Pictures are to be excluded. Please print only the lines from the one containing "Aloe Vera Shampoo" through the end of the data, exactly as they appear.
-=-=-
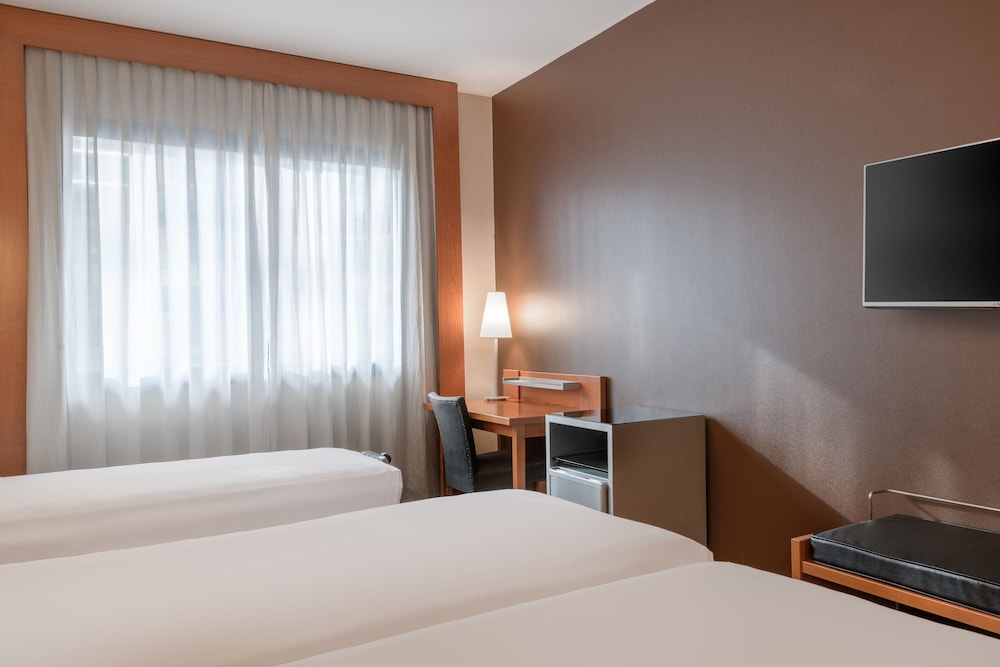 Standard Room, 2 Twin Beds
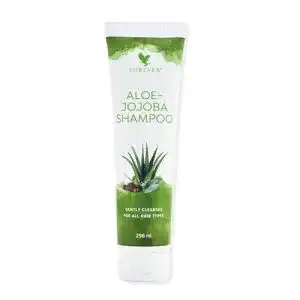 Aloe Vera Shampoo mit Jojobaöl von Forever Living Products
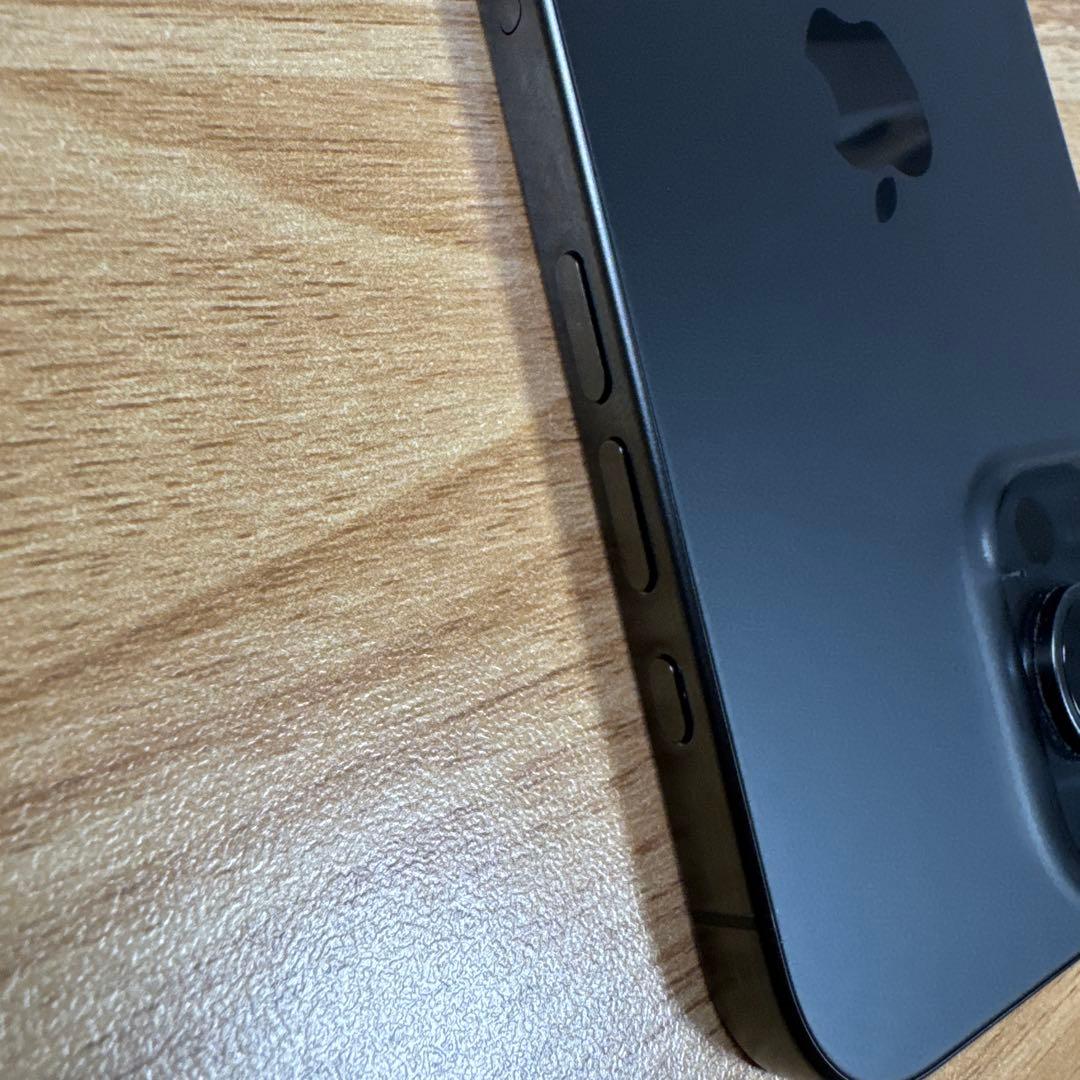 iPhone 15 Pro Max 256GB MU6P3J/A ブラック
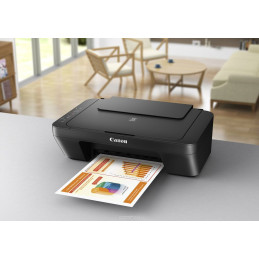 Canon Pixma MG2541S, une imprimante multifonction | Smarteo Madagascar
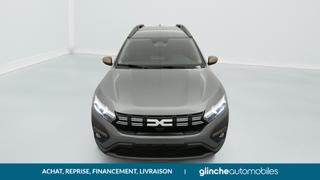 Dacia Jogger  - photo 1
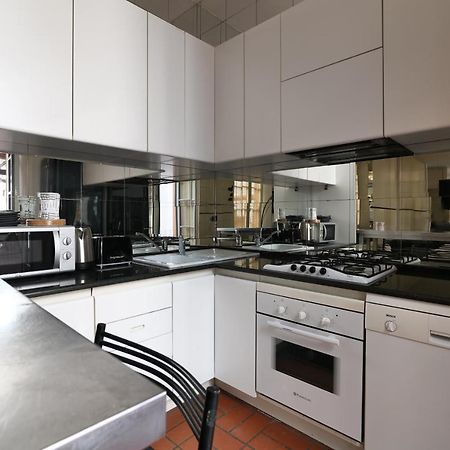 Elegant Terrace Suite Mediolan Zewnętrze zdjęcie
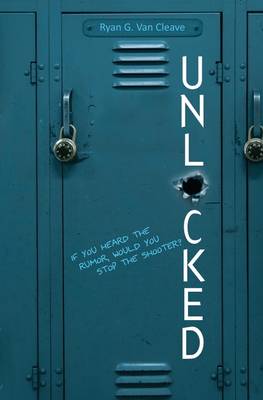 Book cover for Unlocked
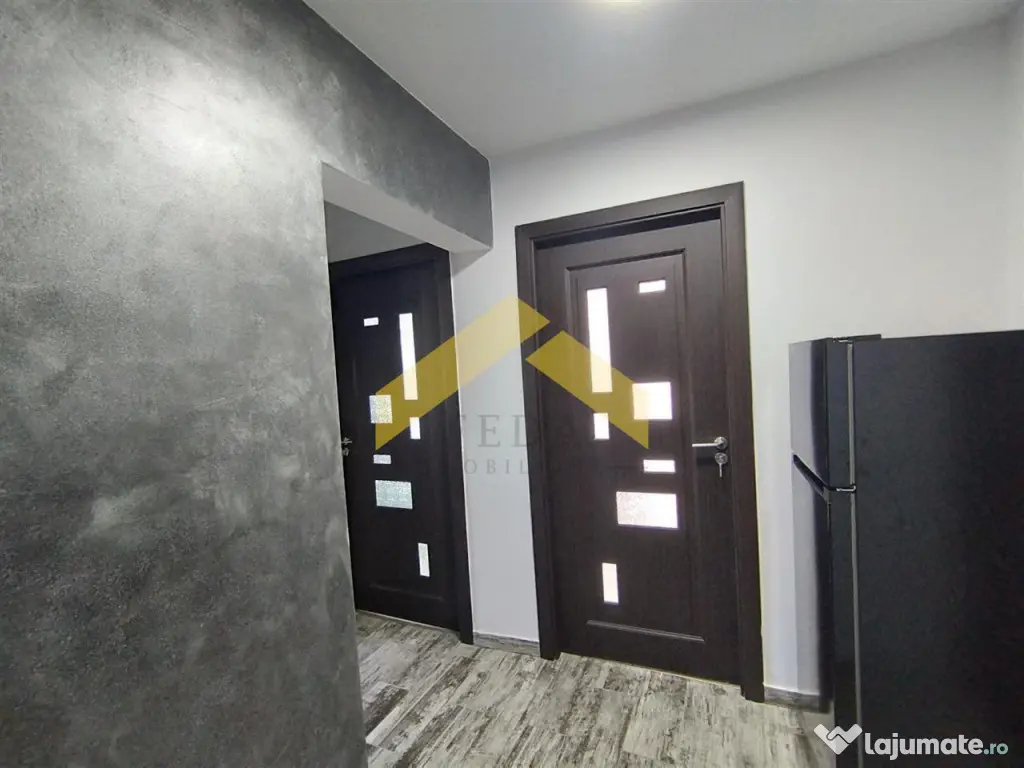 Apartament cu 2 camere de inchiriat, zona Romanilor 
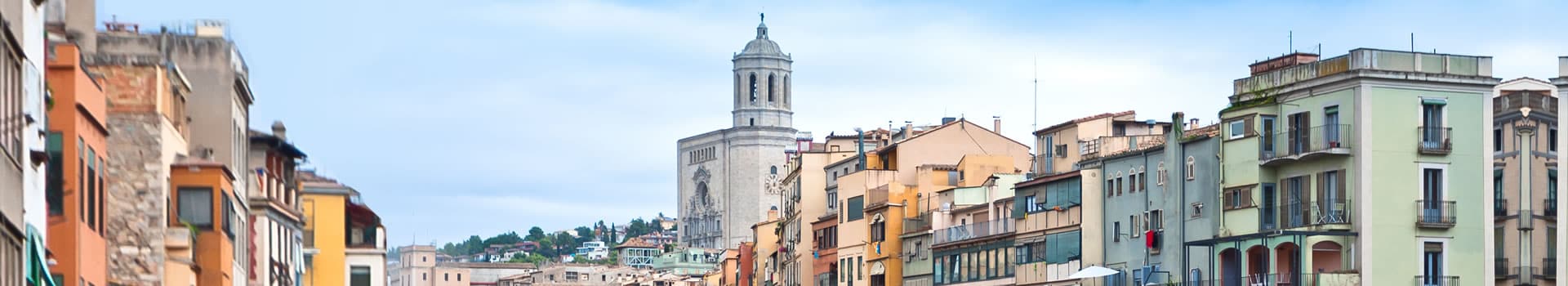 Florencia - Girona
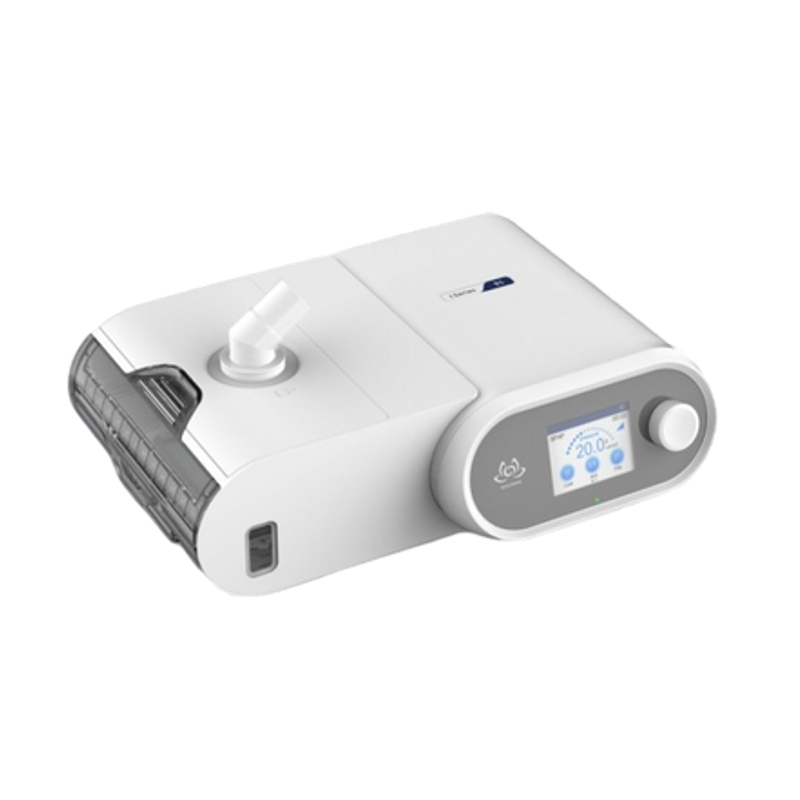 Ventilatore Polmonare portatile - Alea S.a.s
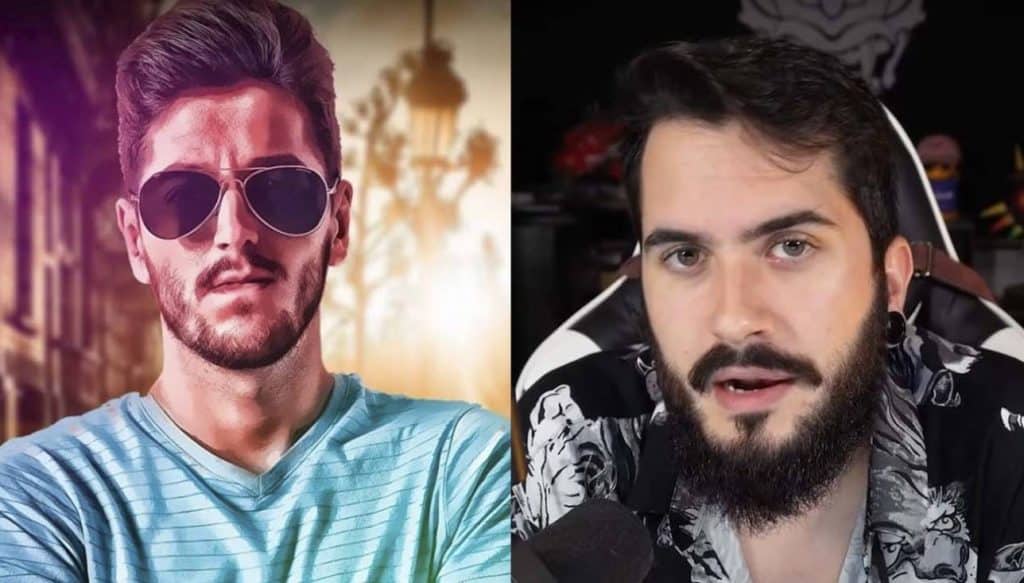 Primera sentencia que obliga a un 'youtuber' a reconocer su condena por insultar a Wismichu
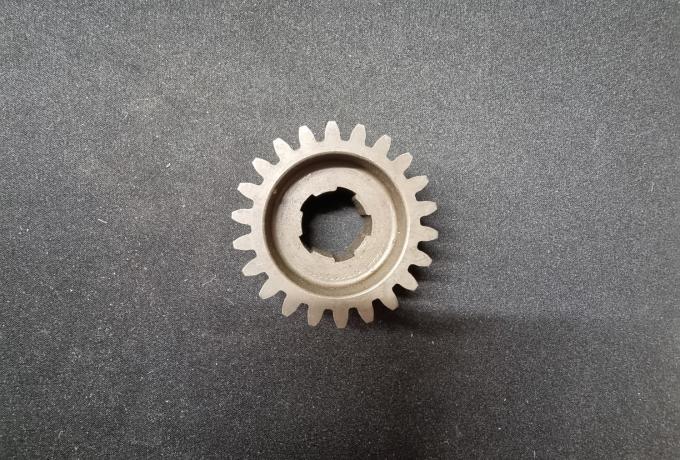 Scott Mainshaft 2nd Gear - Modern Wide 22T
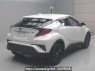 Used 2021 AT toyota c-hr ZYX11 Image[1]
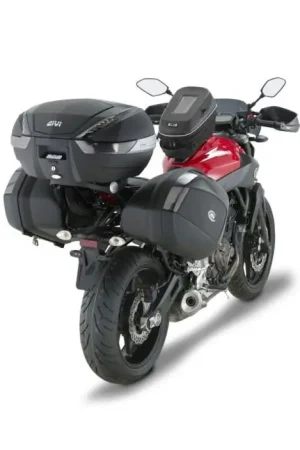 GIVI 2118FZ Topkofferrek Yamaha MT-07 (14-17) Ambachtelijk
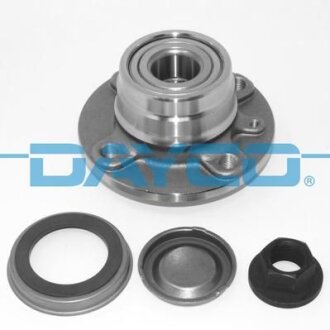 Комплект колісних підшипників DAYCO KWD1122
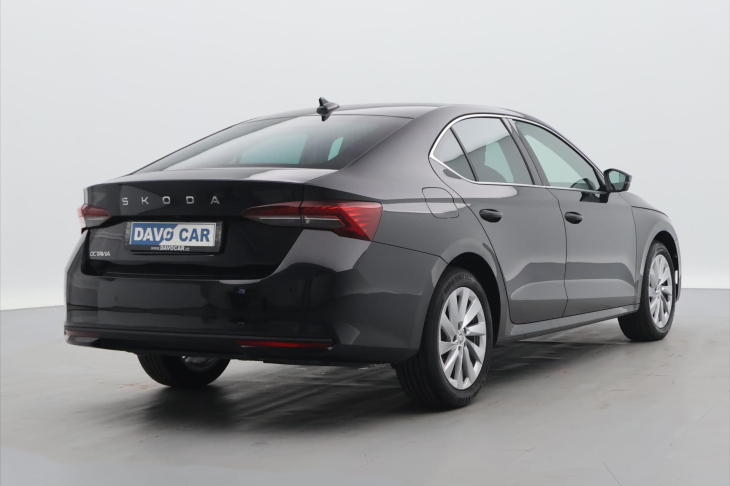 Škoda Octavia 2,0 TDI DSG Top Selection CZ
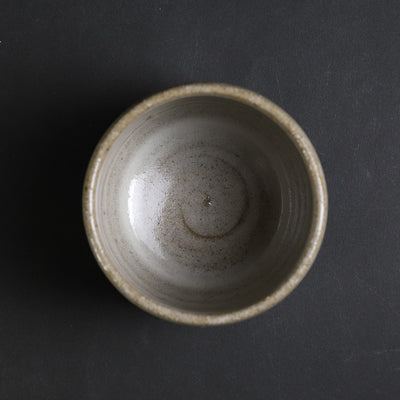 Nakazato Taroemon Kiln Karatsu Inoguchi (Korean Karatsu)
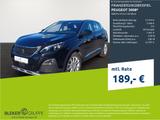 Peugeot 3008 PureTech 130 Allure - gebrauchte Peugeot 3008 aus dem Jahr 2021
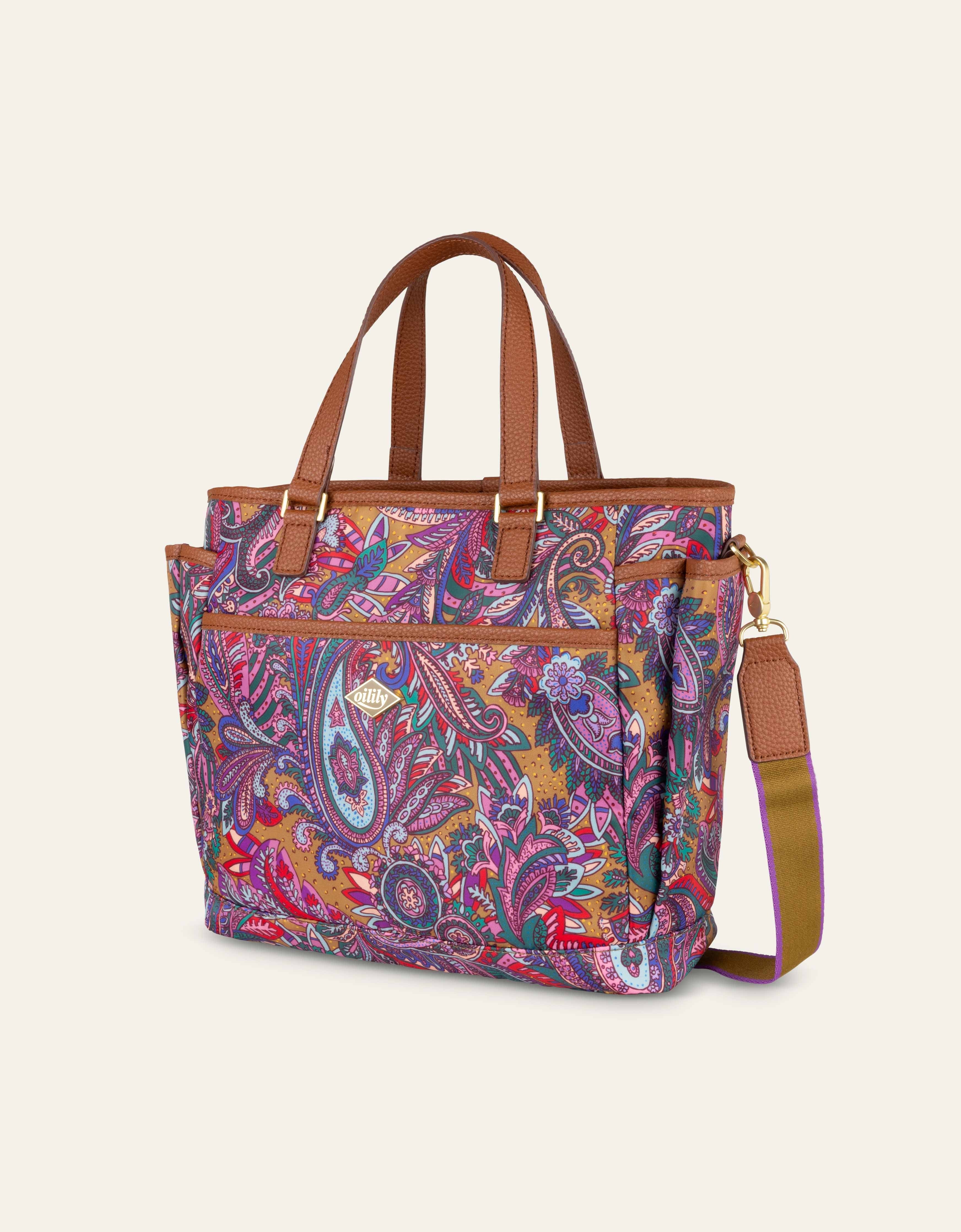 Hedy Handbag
-=-=-
• [Expected output]:
 Aloe Vera Shampoo mit Jojobaöl von Forever Living Products
 iPhone 15 Pro Max 256GB MU6P3J/A ブラック
 Canon Pixma MG2541S, une imprimante multifonction | Smarteo Madagascar
 Dacia Jogger  - photo 1
 Elegant Terrace Suite Mediolan Zewnętrze zdjęcie
 Book cover for Unlocked
 Apartament cu 2 camere de inchiriat, zona Romanilor 
 Florencia - Girona
 Ventilatore Polmonare portatile - Alea S.a.s
 Primera sentencia que obliga a un 'youtuber' a reconocer su condena por insultar a Wismichu
 Scott Mainshaft 2nd Gear - Modern Wide 22T
 Used 2021 AT toyota c-hr ZYX11 Image[1]
 GIVI 2118FZ Topkofferrek Yamaha MT-07 (14-17) Ambachtelijk
 Комплект колісних підшипників DAYCO KWD1122
 Škoda Octavia 2,0 TDI DSG Top Selection CZ
 Nakazato Taroemon Kiln Karatsu Inoguchi (Korean Karatsu)
 Peugeot 3008 PureTech 130 Allure - gebrauchte Peugeot 3008 aus dem Jahr 2021
 Hedy Handbag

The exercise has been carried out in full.